Berlin, 1989: as the wall between East and West collapses, Miriam flees her controlling husband to nurse her father, Henryk, to whom she hasn’t spoken for ten years. Close to death, and slipping in and out of consciousness, he cries out for someone called Frieda; but, to her knowledge, Miriam’s father has no sister or other children, and her mother, three years dead, was Emelie.
 
The mystery deepens when Miriam makes two surprise discoveries: a hitherto hidden number tattooed on her father’s wrist indicating he was incarcerated in Auschwitz; and a striped dress from Ravensbrück with dozens of letters secreted in the seams.
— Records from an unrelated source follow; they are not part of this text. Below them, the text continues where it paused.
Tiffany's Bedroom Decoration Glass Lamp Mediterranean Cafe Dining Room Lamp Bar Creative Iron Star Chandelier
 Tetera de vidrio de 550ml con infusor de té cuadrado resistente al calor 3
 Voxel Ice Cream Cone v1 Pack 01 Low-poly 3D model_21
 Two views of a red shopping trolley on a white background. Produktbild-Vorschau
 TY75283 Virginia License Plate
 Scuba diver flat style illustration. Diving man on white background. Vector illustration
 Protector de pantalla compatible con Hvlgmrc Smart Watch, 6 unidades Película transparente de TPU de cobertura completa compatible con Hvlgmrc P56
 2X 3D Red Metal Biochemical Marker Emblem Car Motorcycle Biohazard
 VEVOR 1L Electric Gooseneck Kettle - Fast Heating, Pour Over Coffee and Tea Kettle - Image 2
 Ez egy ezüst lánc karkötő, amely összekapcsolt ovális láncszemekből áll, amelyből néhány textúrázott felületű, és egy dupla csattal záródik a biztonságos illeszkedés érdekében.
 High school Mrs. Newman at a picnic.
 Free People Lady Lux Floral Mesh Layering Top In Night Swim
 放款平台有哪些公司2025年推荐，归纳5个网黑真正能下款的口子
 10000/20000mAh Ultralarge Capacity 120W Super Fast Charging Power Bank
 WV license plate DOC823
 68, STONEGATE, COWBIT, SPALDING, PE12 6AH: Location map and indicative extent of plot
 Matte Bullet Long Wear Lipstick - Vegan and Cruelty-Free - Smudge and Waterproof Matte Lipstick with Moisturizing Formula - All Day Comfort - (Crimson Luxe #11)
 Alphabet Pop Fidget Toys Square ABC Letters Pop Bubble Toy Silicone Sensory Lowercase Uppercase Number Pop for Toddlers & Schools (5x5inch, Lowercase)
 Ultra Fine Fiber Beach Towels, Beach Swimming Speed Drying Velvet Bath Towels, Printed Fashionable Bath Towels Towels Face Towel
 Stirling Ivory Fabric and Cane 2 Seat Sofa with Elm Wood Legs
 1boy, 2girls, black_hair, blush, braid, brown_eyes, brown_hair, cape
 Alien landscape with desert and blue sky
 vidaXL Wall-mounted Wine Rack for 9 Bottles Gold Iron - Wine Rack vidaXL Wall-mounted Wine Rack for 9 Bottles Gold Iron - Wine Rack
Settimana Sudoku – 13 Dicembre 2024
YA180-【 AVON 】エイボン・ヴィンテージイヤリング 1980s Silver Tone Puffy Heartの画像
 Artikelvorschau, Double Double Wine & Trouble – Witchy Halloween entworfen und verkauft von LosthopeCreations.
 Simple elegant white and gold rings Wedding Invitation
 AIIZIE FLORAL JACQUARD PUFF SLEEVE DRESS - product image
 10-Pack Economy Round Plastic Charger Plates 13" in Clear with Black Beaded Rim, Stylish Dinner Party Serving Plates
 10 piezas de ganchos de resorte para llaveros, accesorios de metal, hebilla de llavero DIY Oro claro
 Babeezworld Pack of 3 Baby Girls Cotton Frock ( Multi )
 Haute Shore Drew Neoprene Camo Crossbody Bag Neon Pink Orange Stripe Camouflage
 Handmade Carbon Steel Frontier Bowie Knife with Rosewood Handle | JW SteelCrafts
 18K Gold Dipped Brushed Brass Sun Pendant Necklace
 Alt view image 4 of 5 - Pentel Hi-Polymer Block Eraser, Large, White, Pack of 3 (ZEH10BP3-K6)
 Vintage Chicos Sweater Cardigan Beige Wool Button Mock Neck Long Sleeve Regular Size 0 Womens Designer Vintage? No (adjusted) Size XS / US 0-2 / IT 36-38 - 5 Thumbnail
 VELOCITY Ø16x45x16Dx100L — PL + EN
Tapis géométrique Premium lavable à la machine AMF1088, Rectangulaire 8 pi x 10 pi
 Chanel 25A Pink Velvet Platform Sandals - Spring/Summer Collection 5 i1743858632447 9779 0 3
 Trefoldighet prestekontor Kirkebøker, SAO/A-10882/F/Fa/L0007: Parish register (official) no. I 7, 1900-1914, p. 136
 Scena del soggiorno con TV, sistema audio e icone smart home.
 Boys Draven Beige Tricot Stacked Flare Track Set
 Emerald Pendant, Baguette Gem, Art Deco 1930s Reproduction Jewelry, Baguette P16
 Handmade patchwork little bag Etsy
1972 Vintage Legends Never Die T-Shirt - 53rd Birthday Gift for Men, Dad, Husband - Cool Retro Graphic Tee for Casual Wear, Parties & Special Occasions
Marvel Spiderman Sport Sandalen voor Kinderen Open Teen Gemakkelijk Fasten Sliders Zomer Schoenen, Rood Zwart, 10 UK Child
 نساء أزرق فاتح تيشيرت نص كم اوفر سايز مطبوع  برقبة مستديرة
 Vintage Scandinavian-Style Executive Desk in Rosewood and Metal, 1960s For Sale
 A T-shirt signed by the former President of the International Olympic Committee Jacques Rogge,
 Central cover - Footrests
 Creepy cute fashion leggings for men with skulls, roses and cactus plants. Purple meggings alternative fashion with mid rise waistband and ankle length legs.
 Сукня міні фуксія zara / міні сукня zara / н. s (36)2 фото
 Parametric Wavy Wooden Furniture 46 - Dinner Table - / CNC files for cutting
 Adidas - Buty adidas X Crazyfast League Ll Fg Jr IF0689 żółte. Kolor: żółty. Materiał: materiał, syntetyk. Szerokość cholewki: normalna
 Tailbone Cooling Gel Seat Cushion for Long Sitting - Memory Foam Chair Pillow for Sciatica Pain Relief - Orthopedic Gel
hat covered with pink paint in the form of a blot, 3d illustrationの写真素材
With the help of Eva, a recent arrival from East Germany whom she meets in the library, who translates some of the letters into German from French, Miriam gradually pieces together the romance between her father and Frieda and, in a first-person strand based on his death-bed reminiscences, he fills in the gaps.
 
Concerned that her father needs to know what became of Frieda in order to take leave of his life, Miriam plunges into the horrors of the concentration camps, laid bare in the letters. But she also finds evidence of courage and kindness, such as in Frieda’s protection of a Roma woman, Hani, and of the unfortunates experimented on by the Nazis, from which the novel takes its title. Along with recalibrating her image of her parents, and physically and psychologically threatened by her enraged husband, Miriam has rather a lot on her plate. Ground down by an oppressive twenty-year marriage, she resorts to self-harm.
 
The story unfolds with the twists and turns of a thriller: there’s a lot going on in this novel, with little risk of the reader getting bored. But, while following Frieda’s trauma helps Miriam gain a better perspective on her own predicament, it might not have a similar impact on the reader. While the gaslighting and holocaust strands are individually well handled, and there’s a common theme of women losing autonomy over their bodies and minds, the combination diminishes both.
 
As I’ve said of The Woman in the White Kimono by Ana Johns and of Madeleine Bunting’s Island Song, I’m not so keen on looking at history through a contemporary character’s reassessment of a parent’s past, and here Miriam’s previous ignorance of her father’s tattoo – despite him having been her main carer in childhood – and the easy discovery of the concentration camp uniform – didn’t she search the cupboards for her Christmas presents as a child? – further weakens an otherwise excellent story. Two otherwise excellent stories. Although I did enjoy Anna Ellory’s debut novel, I didn’t learn as much as I would have liked about the rabbit girls and can’t help thinking there’s a Mischling and a How to Be a Good Wife – for the gaslighting – trying to break out.
 
The Rabbit Girls is published on September 1st by Lake Union, which I didn’t realise, until accepting a review copy, is a tributary of the mighty Amazon.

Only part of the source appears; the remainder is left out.